— Supplied data —
————————

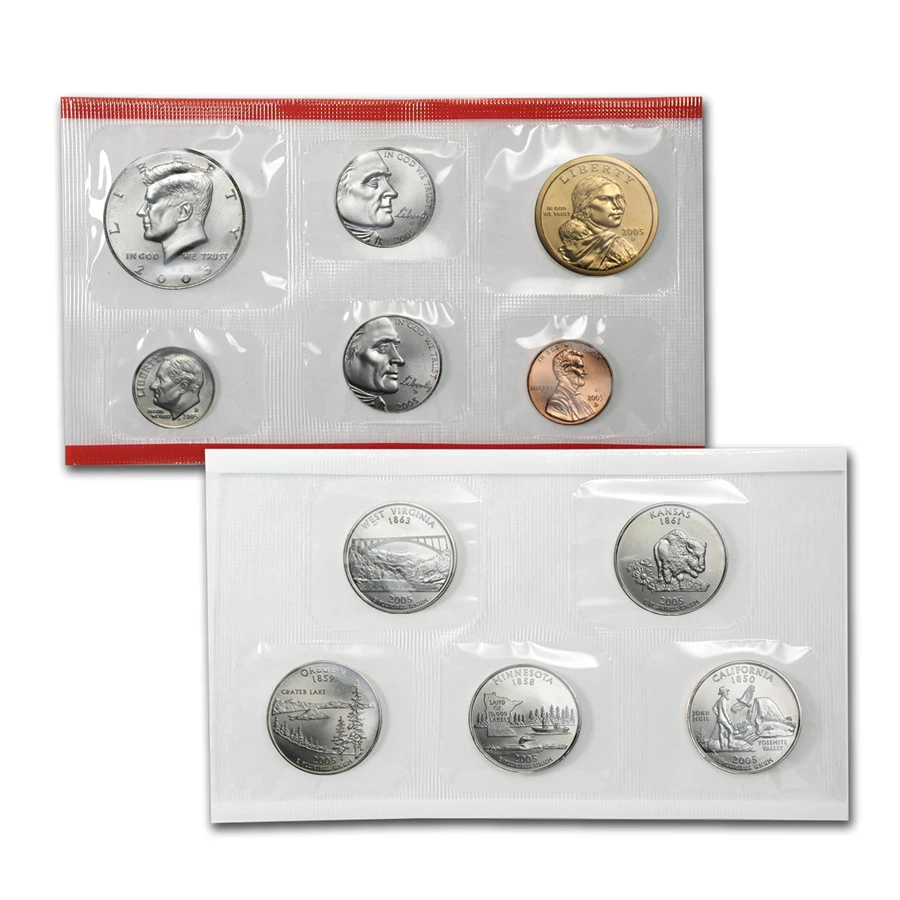 2005 United States US Mint 22 Coin P & D Uncirculated Coin Set Westward Journey - Image 3 of 3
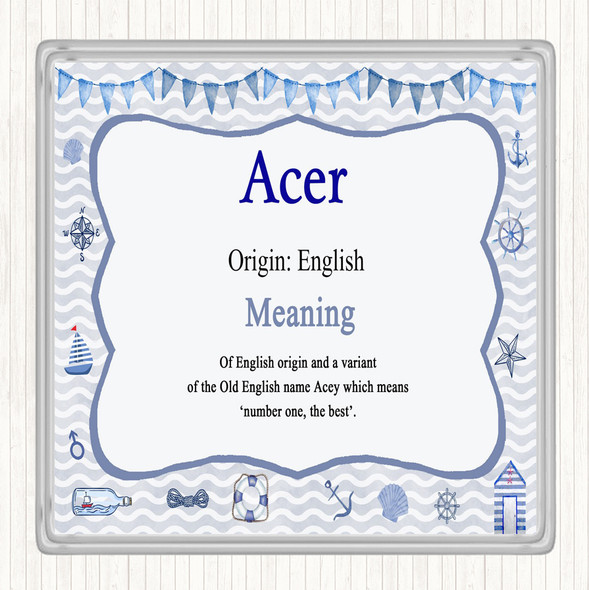 Acer Name Meaning Coaster Nautical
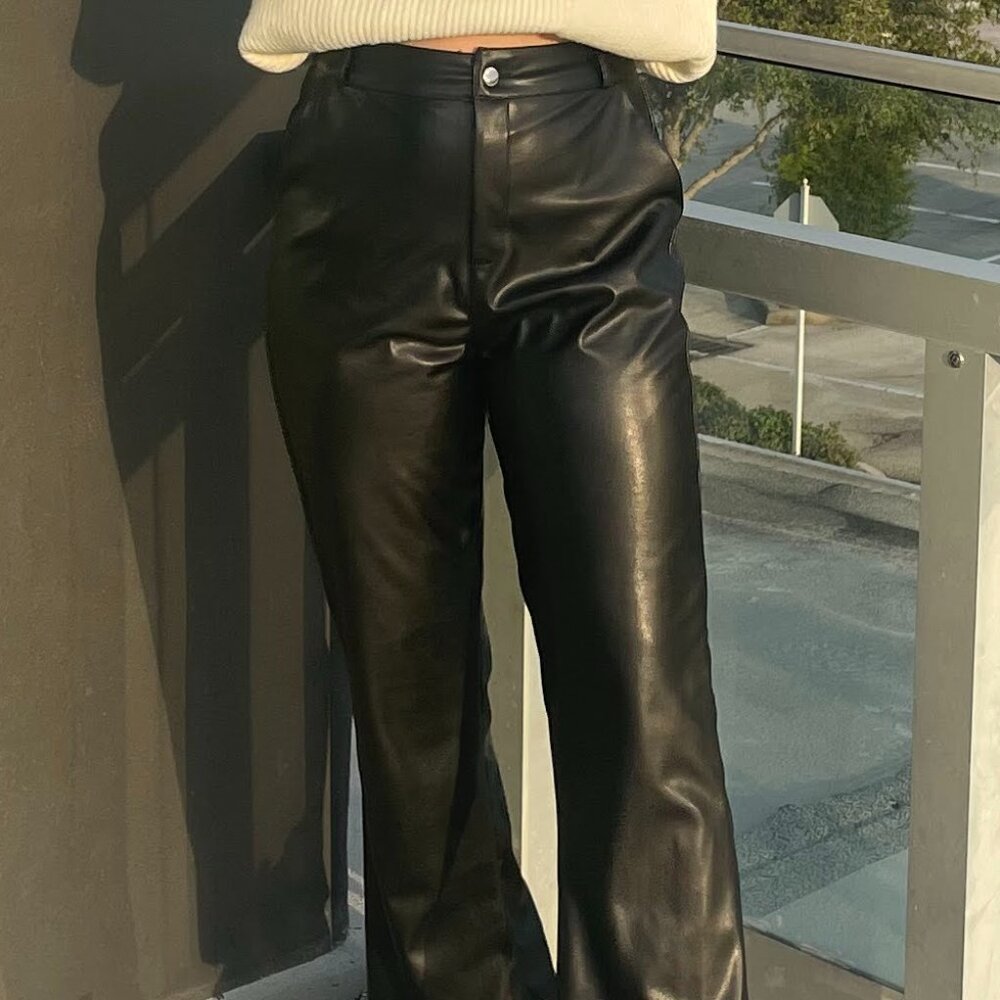 Black Leather Pants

————————

— To do —
Wherever an image appears in the data, omit it and repeat everything else exactly.

— Task result —
 2005 United States US Mint 22 Coin P & D Uncirculated Coin Set Westward Journey - Image 3 of 3
 Acer Name Meaning Coaster Nautical
 Black Leather Pants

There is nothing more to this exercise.